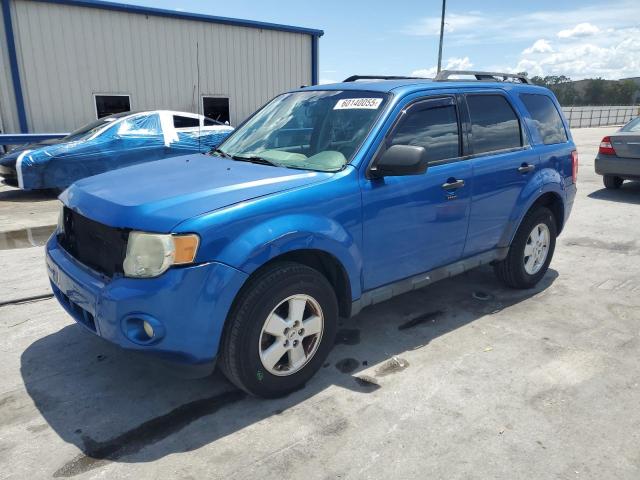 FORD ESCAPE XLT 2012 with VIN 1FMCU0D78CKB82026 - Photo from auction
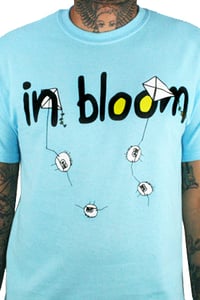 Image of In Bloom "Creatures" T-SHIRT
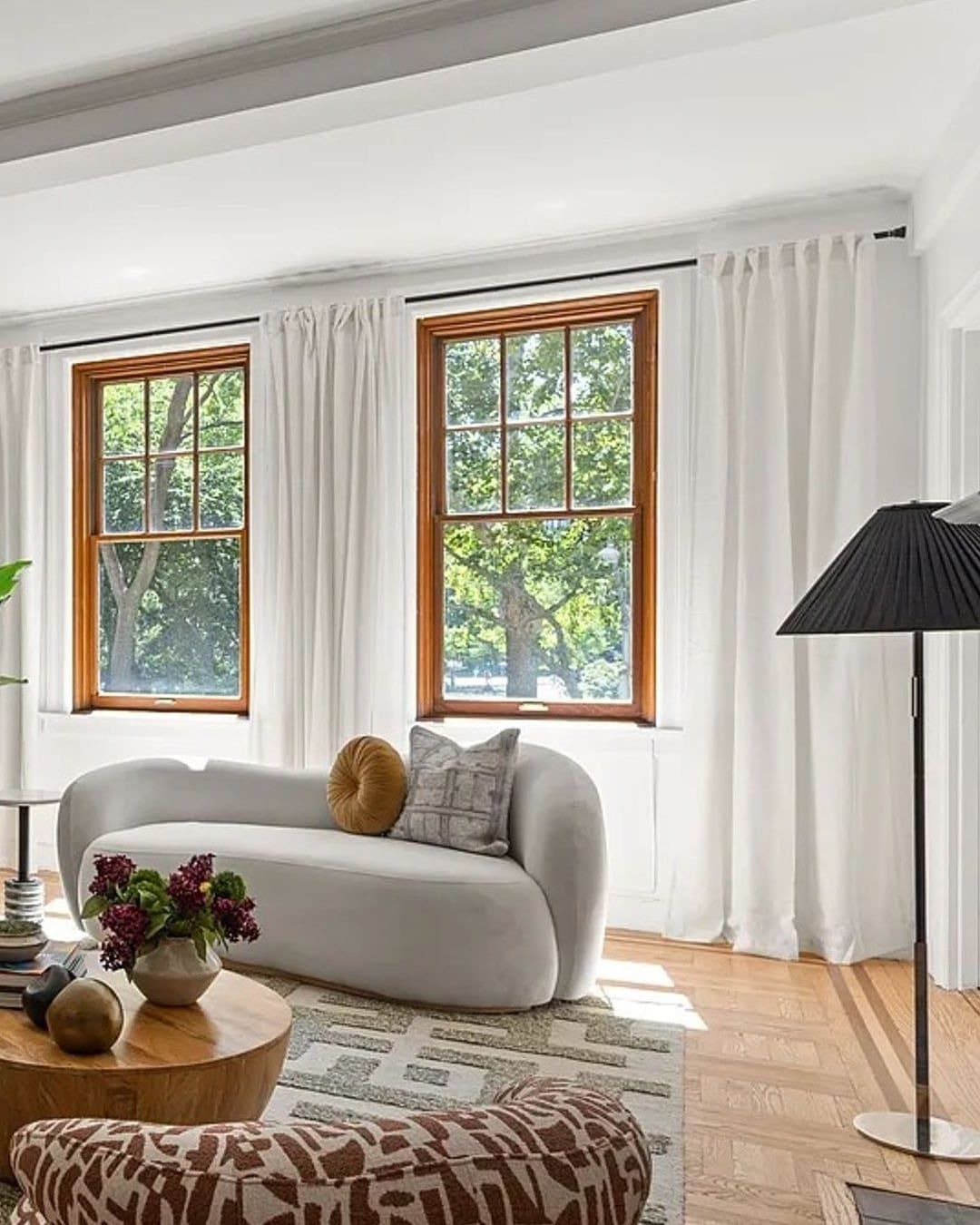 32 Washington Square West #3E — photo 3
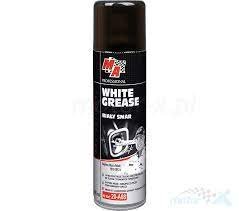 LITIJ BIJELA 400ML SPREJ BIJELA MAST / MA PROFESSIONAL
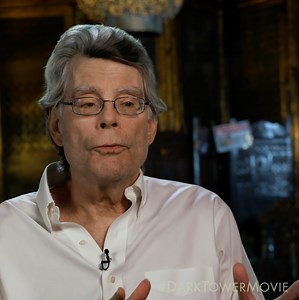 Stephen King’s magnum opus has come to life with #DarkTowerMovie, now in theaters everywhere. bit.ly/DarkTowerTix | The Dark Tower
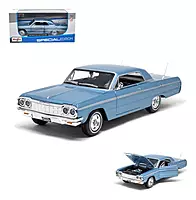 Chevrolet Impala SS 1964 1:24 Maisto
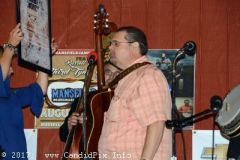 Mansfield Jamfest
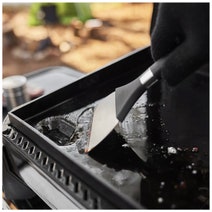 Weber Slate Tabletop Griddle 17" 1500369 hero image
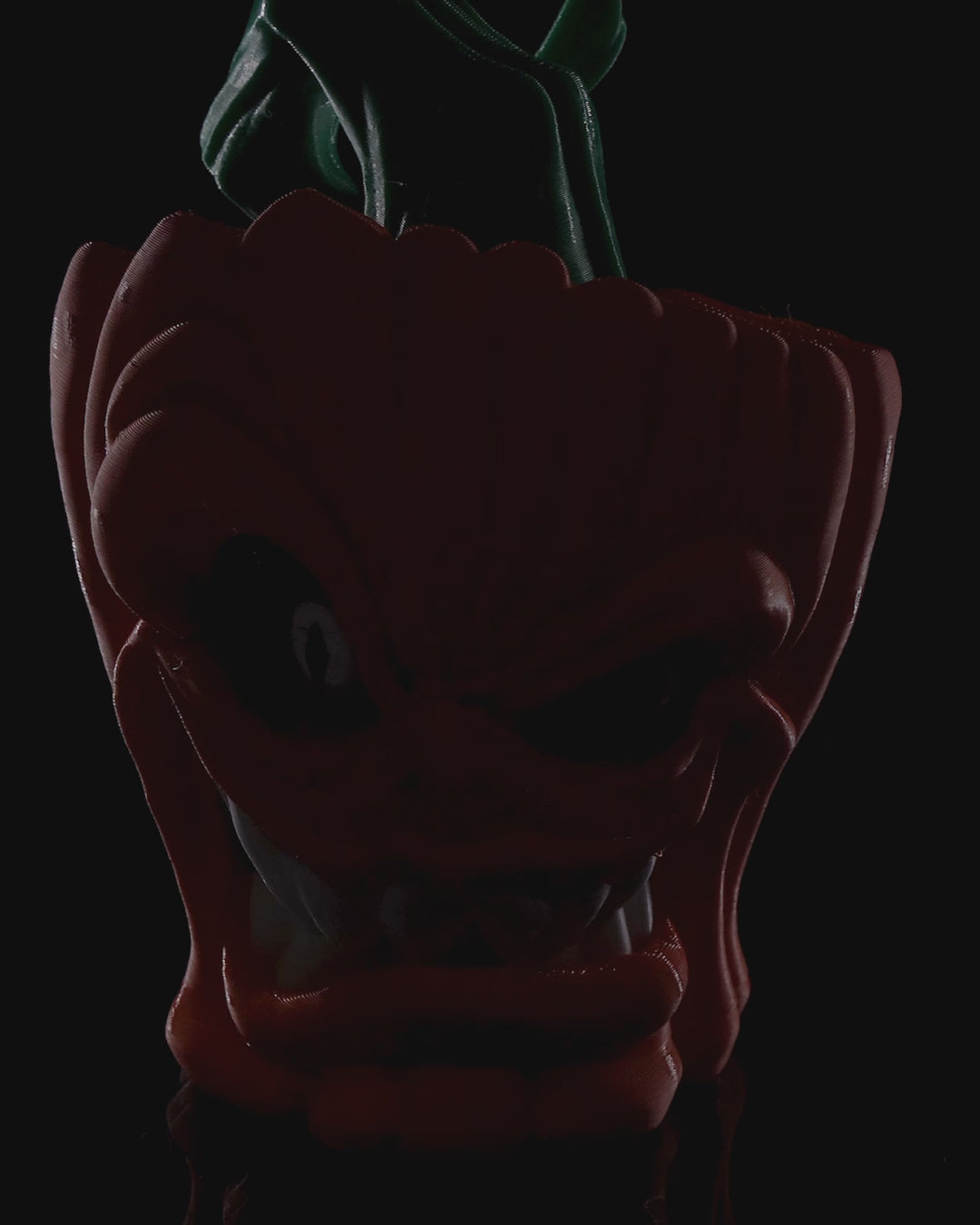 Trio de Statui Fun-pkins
§ §
- **What is required**: Pictures are to be omitted. Print exactly the lines from the line containing "Chevrolet Impala SS 1964 1:24 Maisto" through the final line of the material above, both included.

- **Written answer**:
 Chevrolet Impala SS 1964 1:24 Maisto
 Mansfield Jamfest
 Weber Slate Tabletop Griddle 17" 1500369 hero image
 Trio de Statui Fun-pkins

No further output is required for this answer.